When Your Relationship Has 8,000 Facebook “Likes”
by Molly Taft
I was in one of those weird Saturday-night Internet black holes (the “History of cosmetics” page on Wikipedia, Googling “how do I do eyeliner,” makeup tutorials, an innocuous related link in the sidebar) when I first stumbled upon a Lucy and Kaelyn video. At 35 minutes, it was long for YouTube, and it wasn’t much more than two young gay women video-blogging their vacation together, set to a poppy soundtrack — laughing and holding hands over montages of their dates to sushi restaurants and the beach. I have a pretty short attention span, but I watched the entire thing. Judging from the 250,000+ views on that video, I’m totally not alone.
Kaelyn Petras, 25, is a veterinarian-in-training from Michigan; her girlfriend, Lucy Sutcliffe, is a 20-year-old film student from Oxford, England. In many respects, they’re a pretty normal example of what being in a long-distance relationship in 2013 looks like: After meeting online (on the micro-blogging site Tumblr), they’ve lived much of their relationship out on social media, in Instagram photos, and, most notably, by video-blogging the time they take to visit each other three or four times a year.

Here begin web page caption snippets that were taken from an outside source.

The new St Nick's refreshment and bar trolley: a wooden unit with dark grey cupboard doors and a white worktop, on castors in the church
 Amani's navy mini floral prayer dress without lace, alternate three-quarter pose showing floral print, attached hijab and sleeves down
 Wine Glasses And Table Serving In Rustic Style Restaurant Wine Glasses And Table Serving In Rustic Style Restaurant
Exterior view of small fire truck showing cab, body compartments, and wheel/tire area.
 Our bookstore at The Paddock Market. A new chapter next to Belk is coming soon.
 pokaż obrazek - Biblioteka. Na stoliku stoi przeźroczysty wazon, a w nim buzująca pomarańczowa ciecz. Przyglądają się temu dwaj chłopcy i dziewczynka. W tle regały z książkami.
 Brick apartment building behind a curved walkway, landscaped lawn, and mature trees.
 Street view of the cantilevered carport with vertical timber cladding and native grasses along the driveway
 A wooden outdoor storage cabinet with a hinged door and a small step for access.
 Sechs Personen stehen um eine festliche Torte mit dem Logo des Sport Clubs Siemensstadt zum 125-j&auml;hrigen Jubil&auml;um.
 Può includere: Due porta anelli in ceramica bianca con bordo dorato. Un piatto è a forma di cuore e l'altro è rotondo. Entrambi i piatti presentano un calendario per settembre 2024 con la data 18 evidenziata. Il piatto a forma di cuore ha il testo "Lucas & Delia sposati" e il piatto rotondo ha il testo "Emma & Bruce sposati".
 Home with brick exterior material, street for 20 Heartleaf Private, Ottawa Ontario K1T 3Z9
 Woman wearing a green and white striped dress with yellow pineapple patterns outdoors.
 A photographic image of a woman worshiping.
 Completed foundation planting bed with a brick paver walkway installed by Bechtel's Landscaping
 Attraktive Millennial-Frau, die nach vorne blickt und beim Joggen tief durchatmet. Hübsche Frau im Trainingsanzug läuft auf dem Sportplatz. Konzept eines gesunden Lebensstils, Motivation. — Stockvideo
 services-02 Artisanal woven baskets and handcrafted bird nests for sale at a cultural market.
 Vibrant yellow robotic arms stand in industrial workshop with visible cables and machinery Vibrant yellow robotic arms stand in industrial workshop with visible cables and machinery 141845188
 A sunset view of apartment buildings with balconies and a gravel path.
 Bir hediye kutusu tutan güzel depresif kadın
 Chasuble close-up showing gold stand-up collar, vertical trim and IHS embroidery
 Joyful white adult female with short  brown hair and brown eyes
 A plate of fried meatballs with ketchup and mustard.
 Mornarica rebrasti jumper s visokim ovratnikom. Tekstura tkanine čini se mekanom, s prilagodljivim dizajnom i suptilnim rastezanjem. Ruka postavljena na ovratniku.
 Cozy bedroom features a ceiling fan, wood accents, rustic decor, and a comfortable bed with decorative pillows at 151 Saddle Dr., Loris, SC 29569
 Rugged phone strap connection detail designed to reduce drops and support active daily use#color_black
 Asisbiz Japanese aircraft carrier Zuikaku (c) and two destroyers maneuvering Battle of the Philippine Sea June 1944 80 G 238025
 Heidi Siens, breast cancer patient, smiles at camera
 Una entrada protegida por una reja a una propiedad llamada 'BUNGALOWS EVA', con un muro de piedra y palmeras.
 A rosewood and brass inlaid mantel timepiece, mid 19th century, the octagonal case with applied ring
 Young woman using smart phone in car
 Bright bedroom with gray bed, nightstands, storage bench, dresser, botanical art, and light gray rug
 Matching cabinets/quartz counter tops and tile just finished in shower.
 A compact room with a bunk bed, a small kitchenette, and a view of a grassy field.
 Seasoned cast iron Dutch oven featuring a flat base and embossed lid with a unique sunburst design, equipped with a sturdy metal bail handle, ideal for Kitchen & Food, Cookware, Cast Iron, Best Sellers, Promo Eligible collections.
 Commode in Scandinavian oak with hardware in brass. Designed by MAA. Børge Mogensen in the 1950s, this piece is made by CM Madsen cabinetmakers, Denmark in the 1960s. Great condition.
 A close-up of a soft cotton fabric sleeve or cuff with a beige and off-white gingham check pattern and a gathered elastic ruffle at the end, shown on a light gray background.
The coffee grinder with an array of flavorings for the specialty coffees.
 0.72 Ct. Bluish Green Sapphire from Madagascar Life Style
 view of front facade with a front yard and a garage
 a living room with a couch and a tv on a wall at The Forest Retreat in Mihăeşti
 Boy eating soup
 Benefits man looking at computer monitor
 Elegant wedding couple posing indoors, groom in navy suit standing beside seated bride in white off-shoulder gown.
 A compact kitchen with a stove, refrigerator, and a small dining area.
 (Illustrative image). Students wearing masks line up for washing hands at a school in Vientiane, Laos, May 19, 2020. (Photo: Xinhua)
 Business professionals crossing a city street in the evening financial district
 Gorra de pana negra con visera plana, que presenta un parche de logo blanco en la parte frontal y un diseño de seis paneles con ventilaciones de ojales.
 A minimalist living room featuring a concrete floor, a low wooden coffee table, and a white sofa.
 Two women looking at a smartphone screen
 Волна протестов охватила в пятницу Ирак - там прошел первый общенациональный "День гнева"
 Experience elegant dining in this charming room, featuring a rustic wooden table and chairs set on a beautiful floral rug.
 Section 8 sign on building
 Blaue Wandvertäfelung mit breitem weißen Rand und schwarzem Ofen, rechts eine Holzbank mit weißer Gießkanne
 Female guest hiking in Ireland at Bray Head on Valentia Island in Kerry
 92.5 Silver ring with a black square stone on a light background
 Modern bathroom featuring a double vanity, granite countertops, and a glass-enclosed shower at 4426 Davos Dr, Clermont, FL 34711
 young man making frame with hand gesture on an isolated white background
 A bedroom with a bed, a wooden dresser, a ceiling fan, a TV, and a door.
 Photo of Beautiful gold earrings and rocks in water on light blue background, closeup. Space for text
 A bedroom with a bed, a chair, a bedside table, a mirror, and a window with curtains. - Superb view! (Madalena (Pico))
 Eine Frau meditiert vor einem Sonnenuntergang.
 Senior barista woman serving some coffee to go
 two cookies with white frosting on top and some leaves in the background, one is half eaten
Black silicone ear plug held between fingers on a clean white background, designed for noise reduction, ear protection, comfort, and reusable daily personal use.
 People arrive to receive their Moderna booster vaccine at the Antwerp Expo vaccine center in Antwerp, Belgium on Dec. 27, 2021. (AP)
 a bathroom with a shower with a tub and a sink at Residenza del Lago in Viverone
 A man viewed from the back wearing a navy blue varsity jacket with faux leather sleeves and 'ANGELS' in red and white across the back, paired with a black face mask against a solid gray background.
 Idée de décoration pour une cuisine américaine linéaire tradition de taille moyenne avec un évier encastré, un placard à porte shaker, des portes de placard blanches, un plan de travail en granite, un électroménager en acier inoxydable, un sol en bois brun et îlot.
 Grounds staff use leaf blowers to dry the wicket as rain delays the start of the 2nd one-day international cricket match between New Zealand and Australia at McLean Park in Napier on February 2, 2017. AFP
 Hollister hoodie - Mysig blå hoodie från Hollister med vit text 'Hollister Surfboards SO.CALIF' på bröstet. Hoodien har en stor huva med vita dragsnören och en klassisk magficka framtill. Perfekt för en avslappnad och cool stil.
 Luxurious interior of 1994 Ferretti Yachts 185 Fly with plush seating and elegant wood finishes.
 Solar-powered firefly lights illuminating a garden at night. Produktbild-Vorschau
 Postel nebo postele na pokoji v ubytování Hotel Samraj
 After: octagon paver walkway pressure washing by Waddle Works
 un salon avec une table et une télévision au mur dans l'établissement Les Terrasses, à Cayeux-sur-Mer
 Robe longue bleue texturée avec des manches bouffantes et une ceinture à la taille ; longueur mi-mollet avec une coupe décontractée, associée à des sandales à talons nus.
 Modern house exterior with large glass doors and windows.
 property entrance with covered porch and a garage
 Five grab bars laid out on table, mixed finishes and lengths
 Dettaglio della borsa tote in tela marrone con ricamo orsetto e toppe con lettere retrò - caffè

What’s so unusual about Kaelyn and Lucy is that most young couples don’t have 8,000 Facebook followers on their joint page, or fan-made drawings and collages pouring in daily, or an online merch store (the “Team Luclyn” T-shirt is a popular pick). Somehow, somewhere, in the past year or so, Lucy and Kaelyn’s relationship has amassed an army of fans, many of them young LGBTQ, who follow their progress with an incredible sense of intimacy.
“I’m so happy I found your videos,” a girl posts on their Facebook fan page. *I’m really struggling right now, but you two make it all better for me. ** Another Tweets *Every time I turn my laptop on I see the people who practically saved my life,” with an attached photo of Kaelyn and Lucy as her desktop background. Fan messages reach a crescendo around when the couple are scheduled to visit each other. “Weeeeeeeeh!!!!! sooooooow HAPPY FOR KAELYN AND LUCY! March 9, 2013 here we go!!!” “I’M SO EXCITED FOR YOU TWO SEEING EACH OTHER AGAIN.” And, on Kaelyn’s travel day: “Hi Lucy, if you get the chance can you just let us know when Kae is in the air.”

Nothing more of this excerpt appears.